Redirecting Defense Gear? Fill Out This Quick Form
Published Date: 3/31/2026
Notice
Summary
The Department of State wants to keep collecting info when people or businesses ask to change who uses certain defense hardware, how it’s used, or where it’s sent. This affects exporters and importers of defense items and helps the government keep track of important shipments. You’ve got until April 30, 2026, to share your thoughts, and it usually takes about an hour to fill out the form.
Analyzed Economic Effects
3 provisions identified: 1 benefits, 2 costs, 0 mixed.
OGL Pilot May Reduce Individual Reviews
DDTC has launched a pilot Open General License (OGL) program under ITAR Sec. 120.22(b) that may authorize certain transfers of defense articles to predetermined parties without case-by-case approval. The notice states OGLs eliminate the need for individual review of certain lower-risk transactions and may provide flexibility for U.S. industry and allies to maintain, repair, and store defense articles.
Mandatory DS-6004 for End-User Changes
If you export, temporarily import, reexport, or retransfer defense articles and you want to change the end-user, end-use, or destination, you must submit form DS-6004 to the Directorate of Defense Trade Controls (DDTC). The collection estimates 1,695 respondents and 2,234 responses, with an average time of 1 hour per response and a total estimated burden of 2,234 hours; responding is mandatory.

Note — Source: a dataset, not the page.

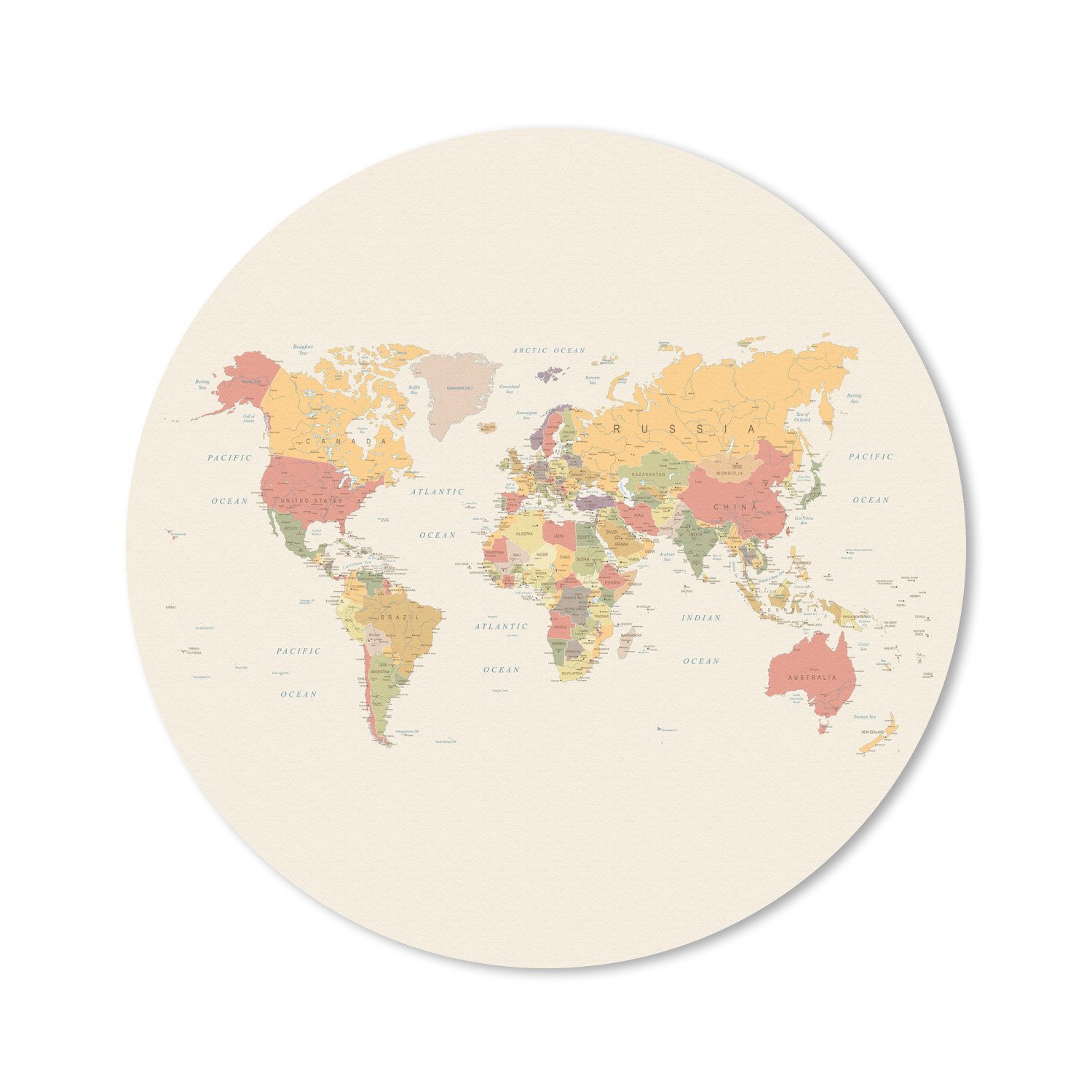 MuchoWow Mauspad Weltkarte - Realistisch - Beige (1-St), Büro für Tastatur und Maus, Mousepad Gaming, Rund 20x20 cm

Five-Year Record Retention Requirement
If you reexport or retransfer defense articles (including under Open General Licenses), you must retain transaction records for five years from the date of the reexport or retransfer. Required records include a description of the defense article or service, name and address of the end-user and contact information, the responsible natural person, the stated end-use, the transaction date, the Electronic Export Information Internal Transaction Number, and method of transmission.